*What to work on:* Beginning with the line that contains "天気がよいと、山頂で圧巻の朝日を望むことができる" and ending with the line that contains "1998 Cherokee Sport door panels-img_2244.jpg", reproduce the lines of the entries below exactly, omitting pictures.

*Entries provided:*
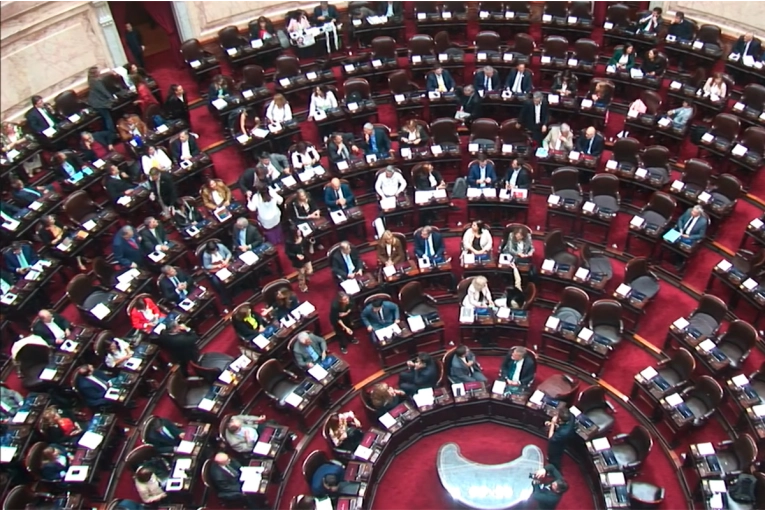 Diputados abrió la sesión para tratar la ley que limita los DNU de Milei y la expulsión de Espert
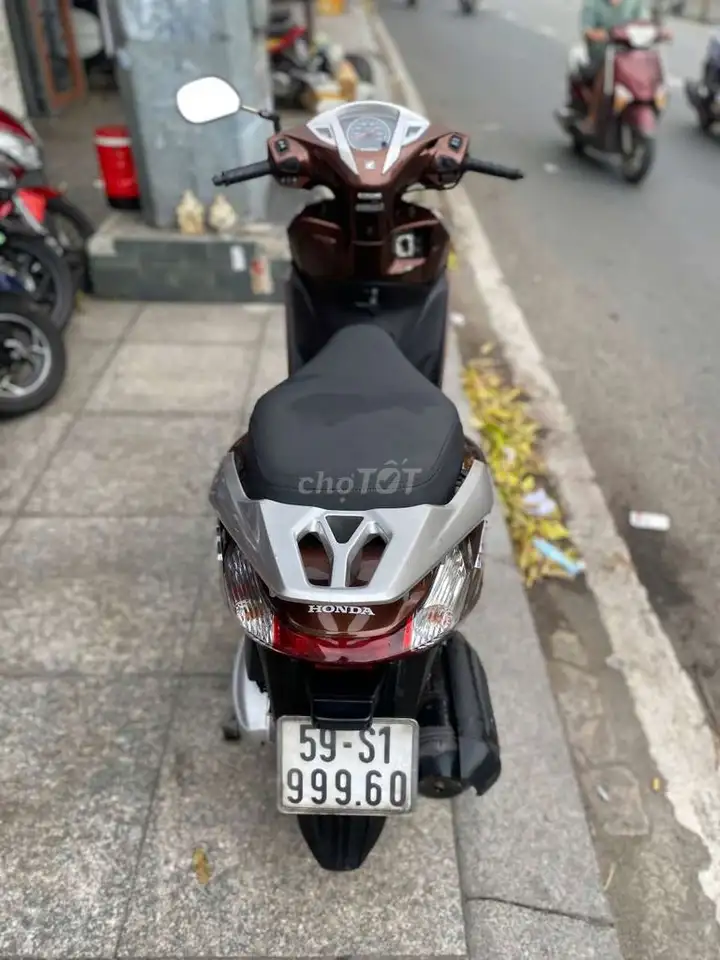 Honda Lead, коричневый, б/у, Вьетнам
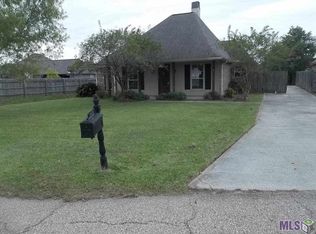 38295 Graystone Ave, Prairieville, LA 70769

==

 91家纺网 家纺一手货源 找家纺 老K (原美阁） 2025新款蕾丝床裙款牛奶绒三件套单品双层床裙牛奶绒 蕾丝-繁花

---

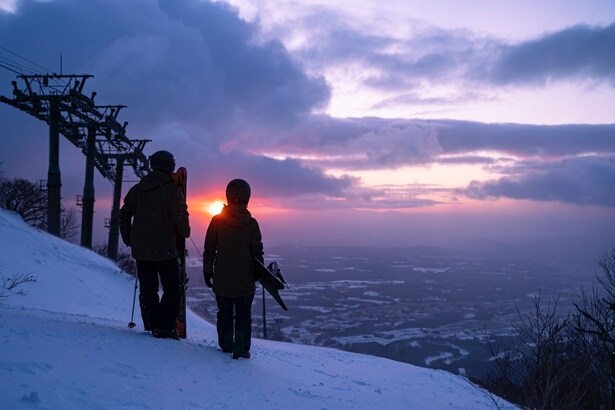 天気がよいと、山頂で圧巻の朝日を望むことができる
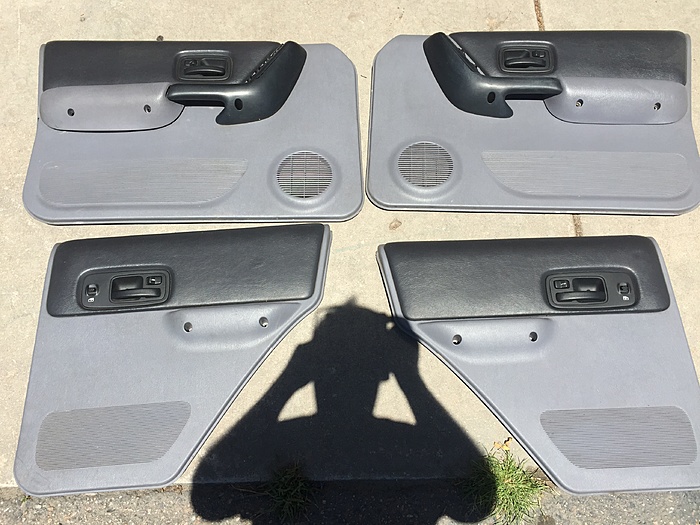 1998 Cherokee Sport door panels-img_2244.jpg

*Exercise solution:*
 天気がよいと、山頂で圧巻の朝日を望むことができる
 1998 Cherokee Sport door panels-img_2244.jpg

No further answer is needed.